WHAT IS EXPECTED>
Each entry, in full: copy it out exactly.

PROVIDED MATERIAL>
=-=-=-=-=
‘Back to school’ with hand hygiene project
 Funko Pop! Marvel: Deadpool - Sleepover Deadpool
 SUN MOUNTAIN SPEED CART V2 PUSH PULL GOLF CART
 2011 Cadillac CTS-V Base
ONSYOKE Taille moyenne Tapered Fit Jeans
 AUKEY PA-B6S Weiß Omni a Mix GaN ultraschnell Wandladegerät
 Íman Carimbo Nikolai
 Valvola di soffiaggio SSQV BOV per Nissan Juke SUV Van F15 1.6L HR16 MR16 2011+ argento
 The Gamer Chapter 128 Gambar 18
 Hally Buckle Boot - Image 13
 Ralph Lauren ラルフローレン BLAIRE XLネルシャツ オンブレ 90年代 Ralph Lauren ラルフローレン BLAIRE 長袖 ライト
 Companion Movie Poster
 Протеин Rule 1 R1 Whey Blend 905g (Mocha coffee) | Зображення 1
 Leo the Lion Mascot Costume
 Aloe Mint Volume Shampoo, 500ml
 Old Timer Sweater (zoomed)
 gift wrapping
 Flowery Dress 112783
=-=-=-=-=
SOLUTION FOR THIS EXERCISE>
‘Back to school’ with hand hygiene project
 Funko Pop! Marvel: Deadpool - Sleepover Deadpool
 SUN MOUNTAIN SPEED CART V2 PUSH PULL GOLF CART
 2011 Cadillac CTS-V Base
ONSYOKE Taille moyenne Tapered Fit Jeans
 AUKEY PA-B6S Weiß Omni a Mix GaN ultraschnell Wandladegerät
 Íman Carimbo Nikolai
 Valvola di soffiaggio SSQV BOV per Nissan Juke SUV Van F15 1.6L HR16 MR16 2011+ argento
 The Gamer Chapter 128 Gambar 18
 Hally Buckle Boot - Image 13
 Ralph Lauren ラルフローレン BLAIRE XLネルシャツ オンブレ 90年代 Ralph Lauren ラルフローレン BLAIRE 長袖 ライト
 Companion Movie Poster
 Протеин Rule 1 R1 Whey Blend 905g (Mocha coffee) | Зображення 1
 Leo the Lion Mascot Costume
 Aloe Mint Volume Shampoo, 500ml
 Old Timer Sweater (zoomed)
 gift wrapping
 Flowery Dress 112783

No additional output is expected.